View state supplements to the national underwriting manual.

01/17/2013
V 1

See also Section 3.73 of Virtual Underwriter for details as to Correction Instruments.

Underwriting Manual Subtopic
3.72.1

In General

01/17/2013
V 1

A correction deed, correction mortgage, or reformation deed is an instrument executed by the former grantor of an instrument that contains a certain defect or deficiency, or by said grantor's heirs, representatives, or assigns for the purpose of correcting or amending a mistake or defect contained in the instrument.

The location of the error or defect to be corrected may be either within the body of the instrument itself or in its acknowledgment. The nature of the error may consist of matters that:

  • Do not allow the instrument, though recorded, to impart constructive notice.
  • Do not properly define the property or the interest being conveyed.
  • May produce doubt or confusion as to the time of execution or the names of the parties.

The title examiner must be aware that the scope of utilization of a correction deed, correction mortgage, or reformation deed is extremely limited.

Any subsequent deed or mortgage under the guise of being a correction or reformation deed or mortgage, cannot purport to make a substantial change in the name of the grantee, change the size of the premises, alter the term or quality of the estate conveyed, or add a restriction or a condition. In no manner may the grantor, through the correction deed, correction mortgage, or reformation deed, intend to vacate, supersede, or replace the former instrument.

For any substantial change in the instrument to be effective, recorded evidence of the consent of the grantee is necessary.  The best evidence of the consent is the initials of the parties or a resigned document.

Usually, in the event of a mutual mistake in regard to the legal description of the property, and if the parties agree to its correction, it is practical for the grantee in the defective instrument to execute a new conveyance.

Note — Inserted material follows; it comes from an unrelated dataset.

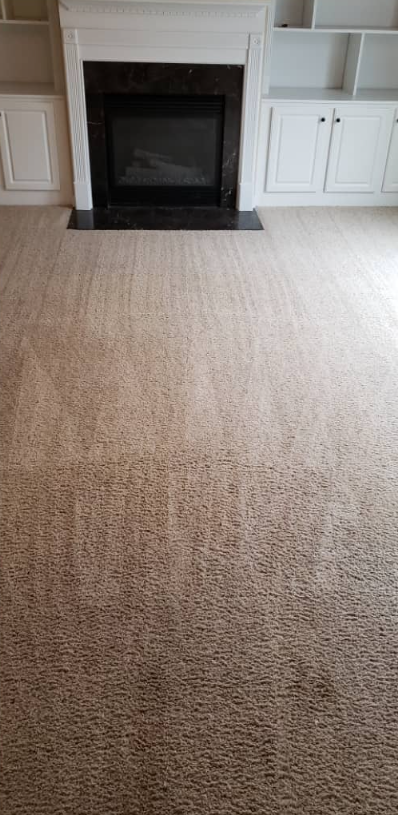 Carpeted living room with a black fireplace and white built-in cabinets on either side.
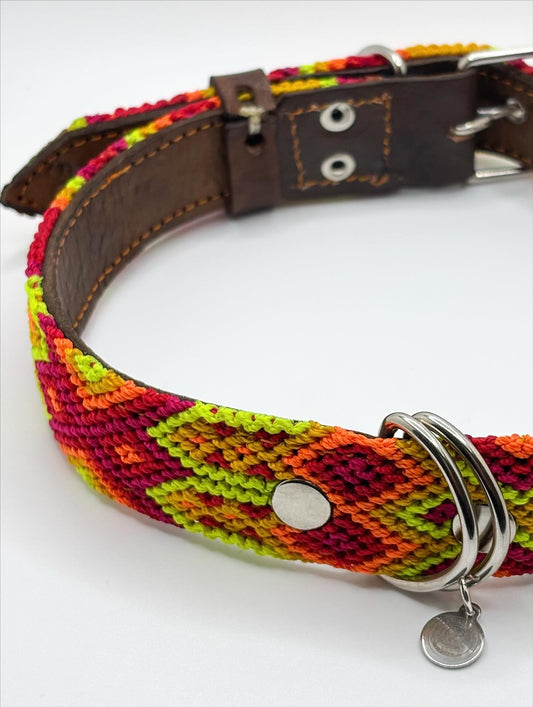 Pumpkin but Make It Spicy 🌶️ (50cm) Hand Embroidered Leather Dog Collar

If you are asked to update a policy by virtue of a corrective deed or mortgage, you must check title to date, and if there are intervening equities or liens, show them as exceptions in Schedule B or dispose of them prior to issuance.  Remember, under the instructions for the T-3 endorsement, only changes are to be made to correct a set of facts existing at the policy date.  For any other reason, contact a Texas Underwriter.